Nommé par George W. Bush en 2006, Warsh était devenu, à 35 ans, le plus jeune gouverneur de l’histoire de la Fed.

  • Son passage par la Maison-Blanche, puis par Wall Street, lui confère une connaissance des marchés financiers et du système bancaire qu’il met à profit pendant la crise financière de 2008, en servant d’intermédiaire entre la Fed et Wall Street. 
  • Durant son mandat, il se construit la réputation d’un responsable monétaire orthodoxe et prudent face aux risques inflationnistes. 
  • Il se positionne comme un « faucon », favorable à une politique de taux relativement élevés lorsque les pressions sur les prix l’exigent. 
  • En mars 2010, lors d’un discours prononcé devant le Shadow Open Markets Committee, il critique l’expansion du bilan de la Fed 1

Warsh est présenté comme l’un des profils les plus crédibles parmi les candidats potentiels à la succession de Jerome Powell. Il s’est imposé face à plusieurs personnalités lors du processus de sélection engagé par Donald Trump, notamment Christopher Waller, Kevin Hassett et Rick Rieder. Warsh est perçu comme le candidat de Scott Bessent, qui aurait lui-même refusé le poste. Sa nomination pourrait ainsi fournir des indications sur l’équilibre des pouvoirs au sein du cabinet de Donald Trump, notamment sur l’influence du secrétaire au Trésor. 

  • Kevin Warsh s’est rapproché des positions de Trump en 2025 en plaidant publiquement pour des taux d’intérêt plus bas.
  • La volonté affichée de réduire les taux a constitué un test implicite pour tout candidat à la direction de la Fed. En décembre, à la question de savoir si le soutien à une baisse immédiate des taux constituait un test décisif pour choisir le prochain président de la Fed, Trump avait répondu simplement « oui » 2.
  • Dans ses prises de position plus récentes, Warsh continue toutefois de défendre l’idée d’un bilan de la Fed plus réduit 3. Une telle orientation impliquerait que le financement d’une grande partie de la dette publique américaine repose davantage sur le secteur privé que sur la création monétaire. 
  • Ce choix représenterait une forme de resserrement monétaire moins visible que les hausses de taux, mais potentiellement tout aussi significatif.
  • La question centrale de son éventuel mandat pourrait donc résider dans cet équilibre : une politique de taux plus accommodante compensée par un durcissement quantitatif, ou un alignement plus complet sur les attentes présidentielles.

Les marges de manœuvre de Warsh seraient toutefois limitées par le cadre institutionnel de la Fed.

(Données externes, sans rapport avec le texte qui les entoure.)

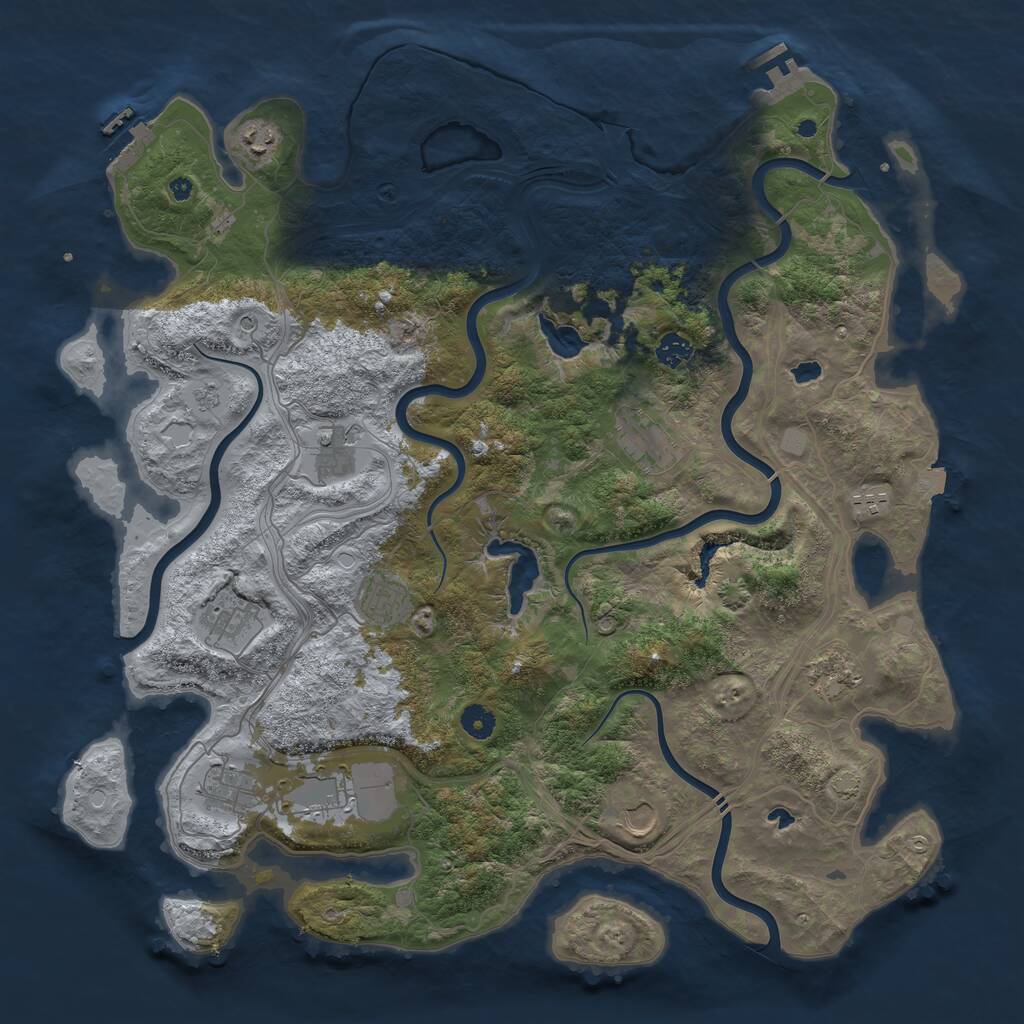 Rust Map: Procedural Map, Size: 4500, Seed: 1537054037, 17 Monuments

Les décisions relatives aux taux d’intérêt relèvent en effet du Federal Open Market Committee, composé de douze membres, et non du président de la Fed seul. 

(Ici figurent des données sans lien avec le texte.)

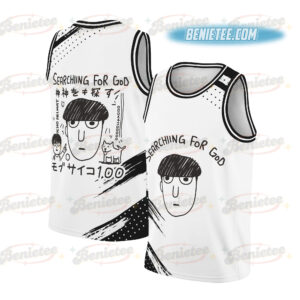 Searching For God Japan Psycho Basketball Jersey, Anime Mob Funny Tokyo Japanese Weird Harajuku Streetwear Jersey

  • Warsh a également exprimé son souhait d’un « changement de régime de la Fed », arguant que les modèles utilisés pour interpréter les données économiques sont erronés : « Ils pensent que l’inflation est alimentée par les consommateurs, par des salaires qui augmentent trop et par des consommateurs qui dépensent trop. Je ne suis absolument pas d’accord. Je pense que l’inflation est essentiellement due aux dépenses excessives et à la création monétaire excessive du gouvernement. » 

Au-delà de la politique monétaire, si sa nomination est confirmée par le Sénat, le mandat de Warsh s’inscrirait dans un contexte où la Fed subit une pression politique importante, ce qui pourrait entraîner un glissement progressif des priorités de la lutte contre l’inflation vers le soutien à la croissance et à l’emploi. Son mandat pourrait également avoir un impact sur le rôle de la Fed à l’échelle internationale, notamment en ce qui concerne la fourniture de liquidités via les accords de swap ou la régulation des banques internationales.

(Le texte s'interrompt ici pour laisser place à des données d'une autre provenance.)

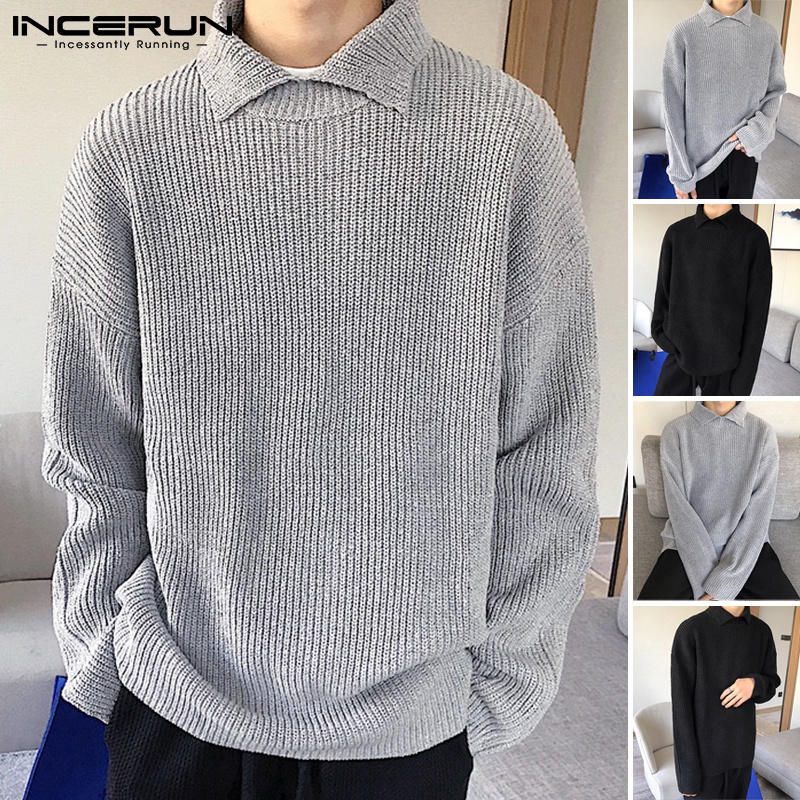 Áo Sweater INCERUN dệt kim cổ bẻ tay dài màu trơn cho nam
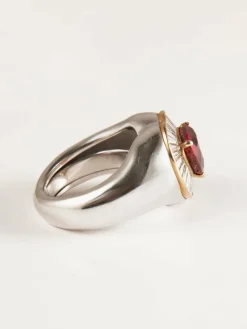 Bague Coeur rubis et diamants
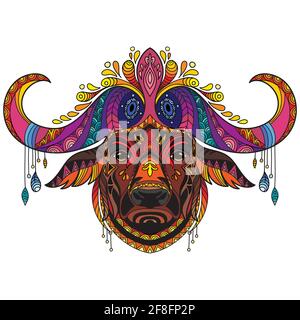 Büffelkopf mit Doodle- und zentangle-Elementen. Abstrakter Vektor farbenfrohe Illustration isoliert auf weißem Hintergrund. Für Design, Druck, Dekor, matt Stock Vektor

  • Plusieurs éléments devraient avoir un impact sur l’organisation institutionnelle dont Warsh hériterait à la Fed, notamment la décision de Powell de rester ou non au sein du Conseil des gouverneurs ainsi que la suite des poursuites qui le visent pour la rénovation du bâtiment historique de la Réserve fédérale.
  • Connu pour s’être opposé aux efforts de la Fed pour relancer l’économie lors de la crise financière de 2008, il serait intéressant de voir comment Warsh réagirait dans l’éventualité d’une crise où Trump demanderait dans doute une intervention rapide à la moindre turbulence.

Warsh est marié à la fille de Ronald Lauder, l’un des principaux soutiens de Donald Trump dans son obsession pour le Groenland 4.